Rutger Hauser – The Swim

Adaadat / TUTL

Rutger Hauser ‎- The SwimRutger Hauser‘s growth from their birth as an improv bass and drums duo in 2013 to the hydra-headed multimedia six-piece of 2019 has taken them from Lewisham in south London, where they were the unofficial house band of the Lumen Lake, to a point approximately 1,000 miles north, namely a community hall on the Faroe Islands. Here, over the course of a weekend, they attempted to synthesise that wild and rugged landscape into a series of quickly recorded improvised vignettes that run the gamut of hypnotic motorik groove to grinding cello-burned flutter and groan snapshots.

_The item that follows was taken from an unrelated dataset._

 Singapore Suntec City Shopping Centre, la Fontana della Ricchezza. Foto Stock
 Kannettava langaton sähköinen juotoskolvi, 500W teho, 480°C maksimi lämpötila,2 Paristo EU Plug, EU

Disjointed drums and shrouded bass appear from behind you as things stretch and space warps ever so slightly. For an improv group, they dig rhythm and a steady path that allows for many an intersection from unlikely sources and directions, and when the cello draws near, the whole thing reverberates like a large truck passing too close to your house. A menagerie of sounds lurks in the undergrowth, the mewling of cats or the hissing of snakes. You never know what is going to come next and there is a sense that each member of the group quite likes keeping the others in the dark. It is fun to keep the rest of the band guessing, let alone the listener.

There is a cloudiness, a feeling of a world shrouded in mist, a sea mist that draws things closer, cuts off the horizon and inverts reality. Occasional glimpses of the open sea bring a throb to the heart, but found voices question your presence here. Interestingly, though the group is renowned for its improv leanings, they really know how to construct a song. From a blast of random sound manipulation, a rhythm will emerge, washed clean by the sea, sweet as rain with a chilling siren’s lament draped over the top. The accompanying cello is a haunted gauze, with dolphin smooth bass giving a friendly backdrop.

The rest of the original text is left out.